Task brief
Print out each entry below exactly; do not carry over any image.

#### Raw data

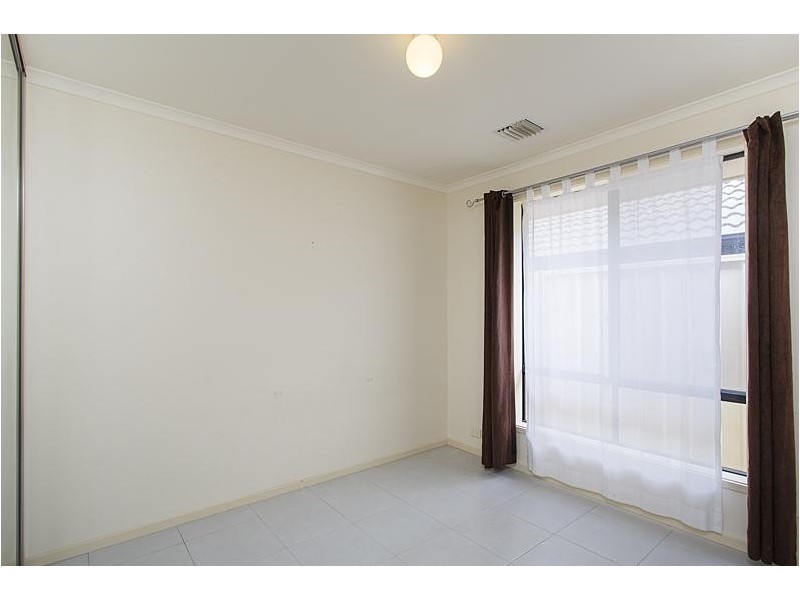 24 New York Road, Aberfoyle Park SA 5159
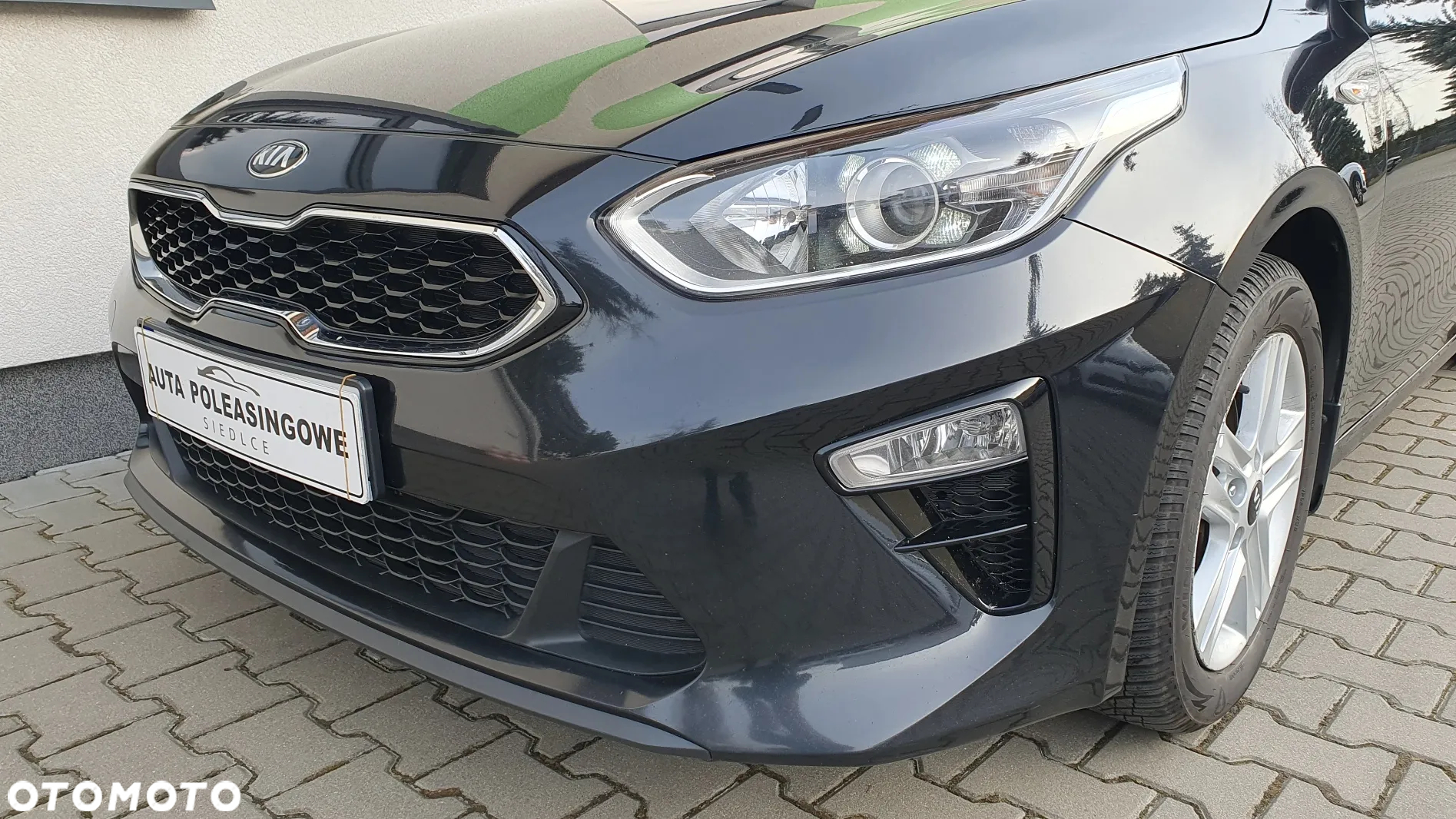 Kia Ceed 1.6 CRDi SCR M - 4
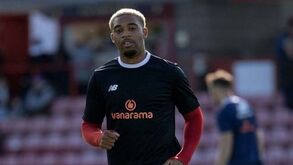 Jordon Ibe assina por clube do 7º escalão inglês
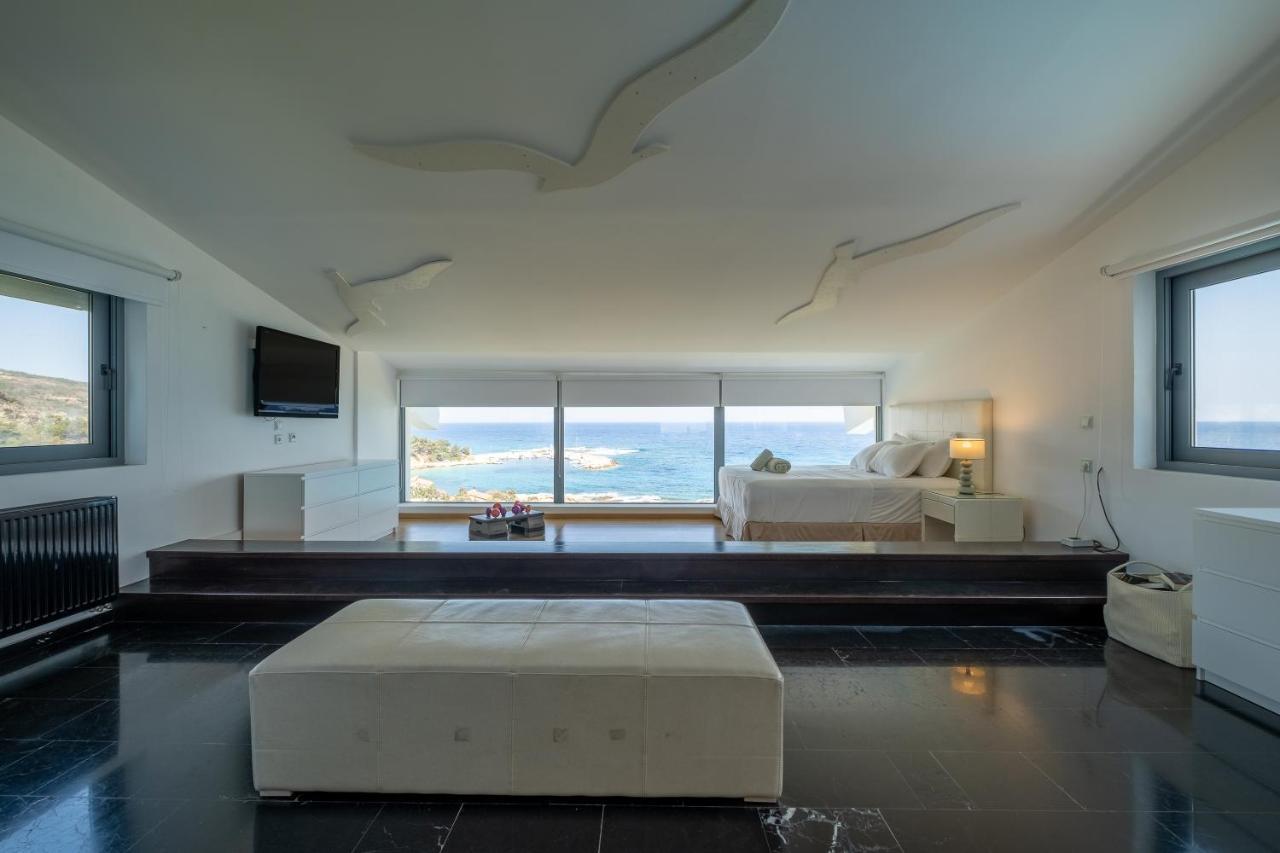 Icarus Luxury Beachfront Villa Γιαλισκάρι Εξωτερικό φωτογραφία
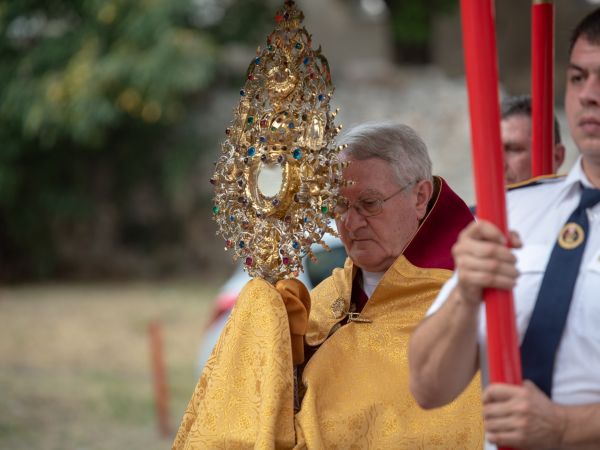 Biskup Zdenko Križić na Tijelovo u Senju: “Molimo da nam Isusovo Tijelo koje blagujemo podari njegove osjećaje za Boga i ljude”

########

Output of the exercise
 24 New York Road, Aberfoyle Park SA 5159
 Kia Ceed 1.6 CRDi SCR M - 4
 Jordon Ibe assina por clube do 7º escalão inglês
 Icarus Luxury Beachfront Villa Γιαλισκάρι Εξωτερικό φωτογραφία
 Biskup Zdenko Križić na Tijelovo u Senju: “Molimo da nam Isusovo Tijelo koje blagujemo podari njegove osjećaje za Boga i ljude”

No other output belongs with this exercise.